NATO Secretary General Jens Stoltenberg announced Tuesday new negotiations with member countries on increasing the defense budget, especially in view of the current geopolitical situation.
«Some allies are strongly in favor of raising the 2 percent target and making it a minimum,» he pointed out, before affirming that he will lead such talks. «We will meet, we will have our meetings at ministerial level, we will talk about money,» he asserted.
In this sense, he indicated that he is sure that the member states will manage to reach an agreement in view of the next summit, scheduled for July 11 and 12 in the Lithuanian capital, Vilnius.
Currently, NATO members should contribute as much as possible at least 2 percent of their Gross Domestic Product to defense by 2024, an issue that was agreed in Wales in 2014 after the Russian annexation of the Crimean peninsula.
Stoltenberg, however, did not specify which allies are now requesting an increase in this ceiling, which he has referred to as a «threshold» on previous occasions.
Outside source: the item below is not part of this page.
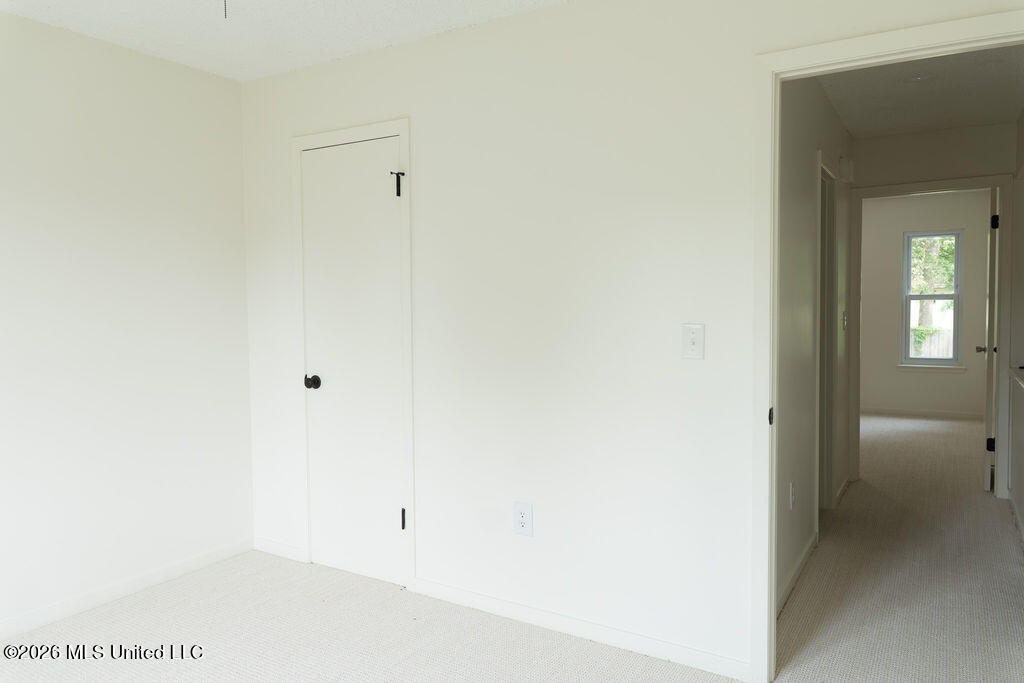 1814 Twin Pine Drive Property Photo 17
Countries such as Poland, Lithuania and the United Kingdom have recently favored an agreement to increase funding in the face of advancing Russian troops in Ukraine.
However, Germany, Canada and Belgium, among others, have expressed their rejection of this measure given that they spend less than 2 percent of GDP on defense. The dispute over the increase in this budget increased especially under the now former U.S. President Donald Trump, who went so far as to accuse the German government and other European allies of threatening to provoke the U.S. to leave the alliance.